Items from a data source:
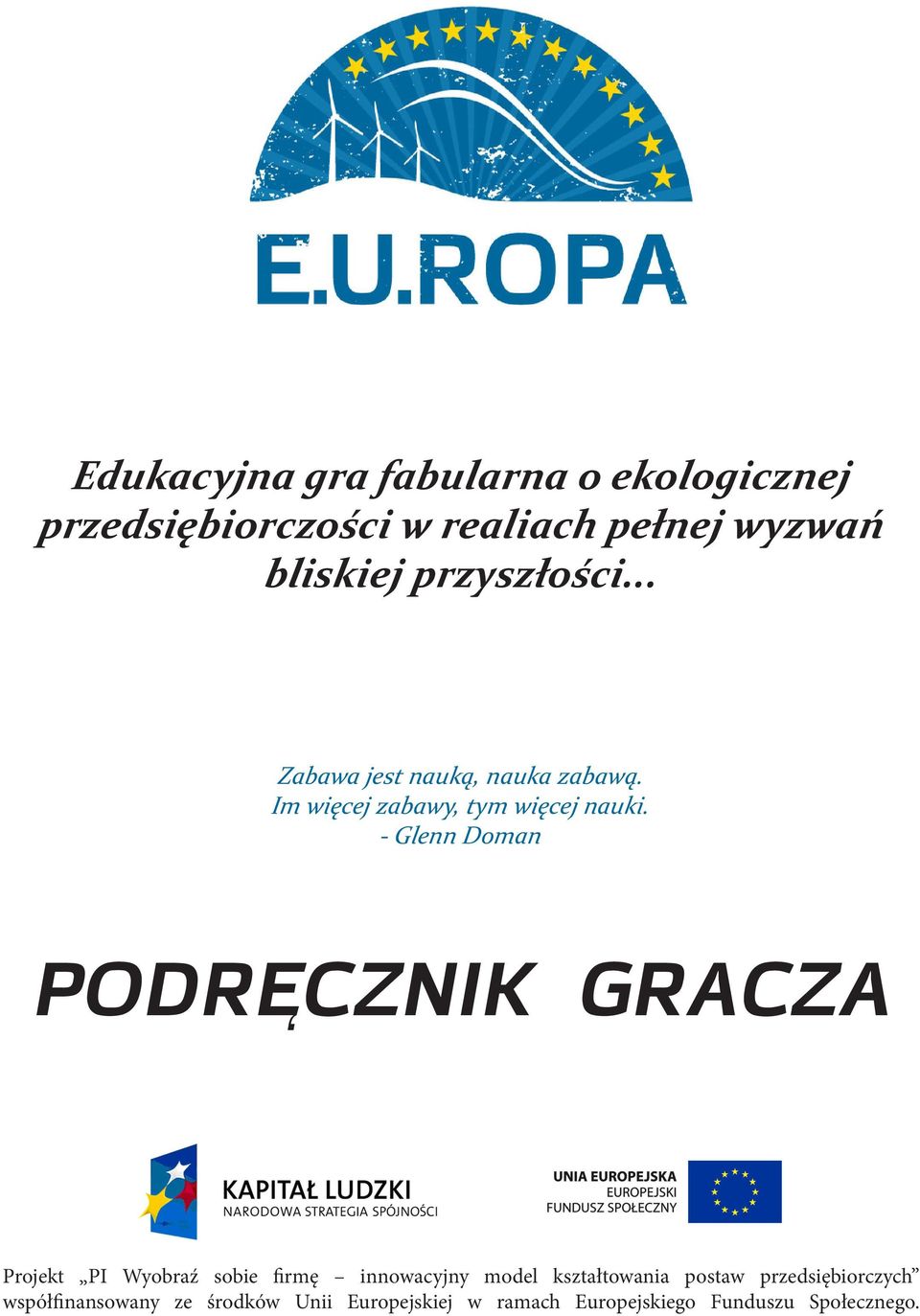 - Glenn Doman PODRĘCZNIK GRACZA Projekt PI Wyobraź sobie firmę innowacyjny model kształtowania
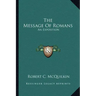 The Message of Romans: An Exposition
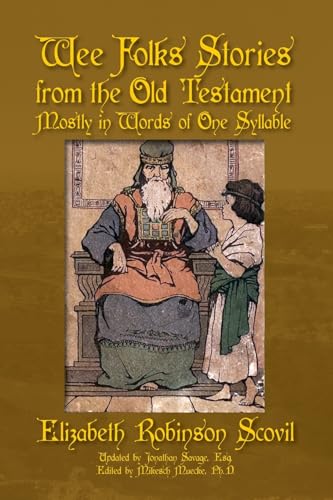 9781941892763: Wee Folks Stories from The Old Testament: Mostly in Words of One Syllable (Wee Folks Books)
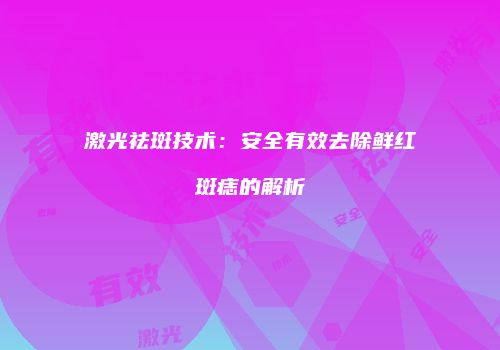 激光祛斑技术：安全有效去除鲜红斑痣的解析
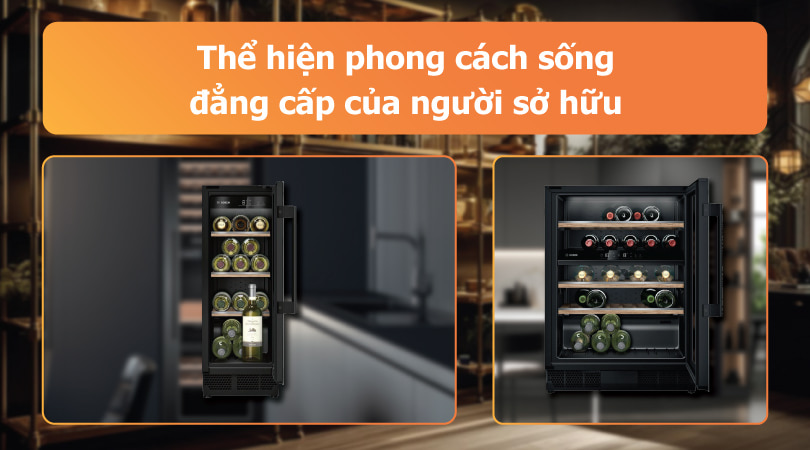 Tủ rượu vang bosch thể hiện phong cách sống đẳng cấp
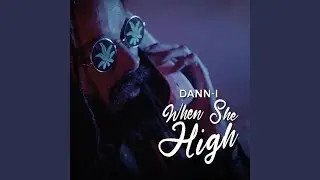 When She High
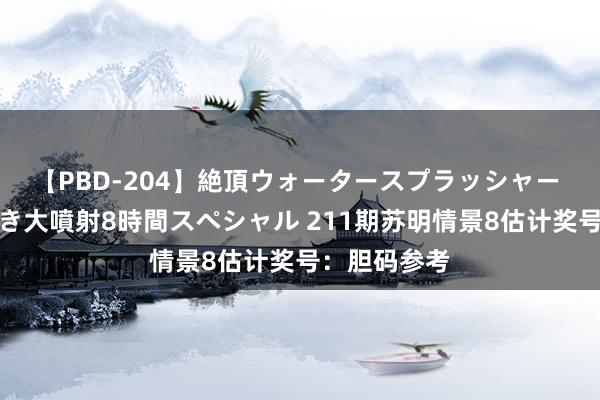 【PBD-204】絶頂ウォータースプラッシャー 放尿＆潮吹き大噴射8時間スペシャル 211期苏明情景8估计奖号：胆码参考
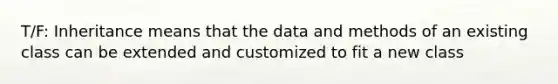 T/F: Inheritance means that the data and methods of an existing class can be extended and customized to fit a new class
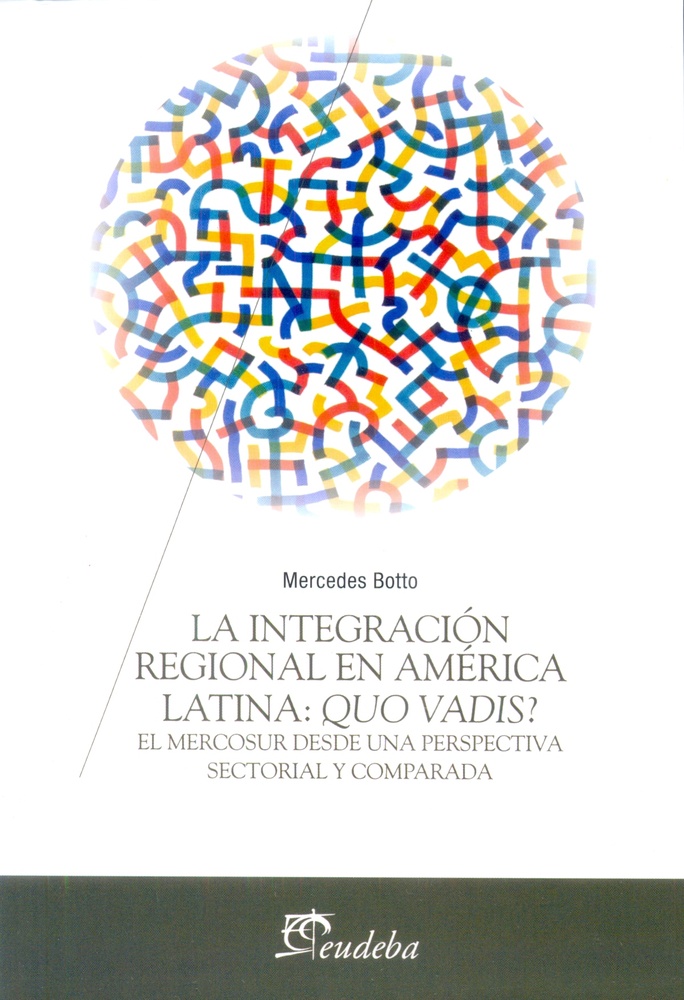Integracion regional en America Latina: quo vadis?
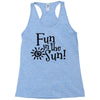 fun in the sun Racerback Tank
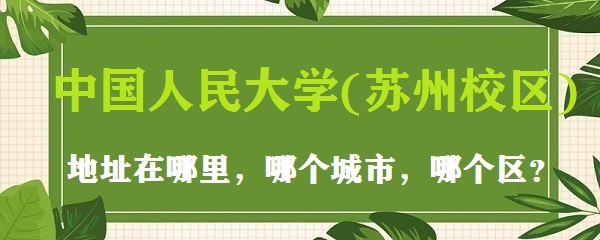 1665215583627693.jpg 中国人民大学(苏州校区)地址在哪里,哪个城市,哪个区?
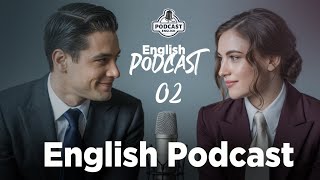 Speak English Like a Native | English Conversation Podcast | Episode 02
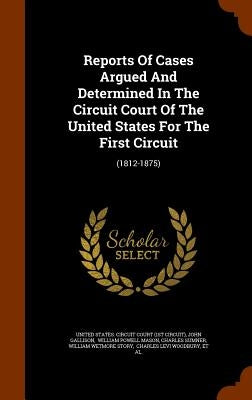 Reports Of Cases Argued And Determined In The Circuit Court Of The United States For The First Circuit: (1812-1875) by United States Circuit Court (1st Circui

:: WHAT YOU SHOULD DO ::
The copy must begin at the line containing "Tủ rượu vang" and end at the last line of the data above, with every line retyped exactly and no pictures included.

:: ANSWER SPACE ::
 Tủ rượu vang bosch thể hiện phong cách sống đẳng cấp
 When She High
 【PBD-204】絶頂ウォータースプラッシャー 放尿＆潮吹き大噴射8時間スペシャル 211期苏明情景8估计奖号：胆码参考
 T/F: Inheritance means that the data and methods of an existing class can be extended and customized to fit a new class
Integracion regional en America Latina: quo vadis?
 fun in the sun Racerback Tank
 1665215583627693.jpg 中国人民大学(苏州校区)地址在哪里,哪个城市,哪个区?
 Speak English Like a Native | English Conversation Podcast | Episode 02
 Reports Of Cases Argued And Determined In The Circuit Court Of The United States For The First Circuit: (1812-1875) by United States Circuit Court (1st Circui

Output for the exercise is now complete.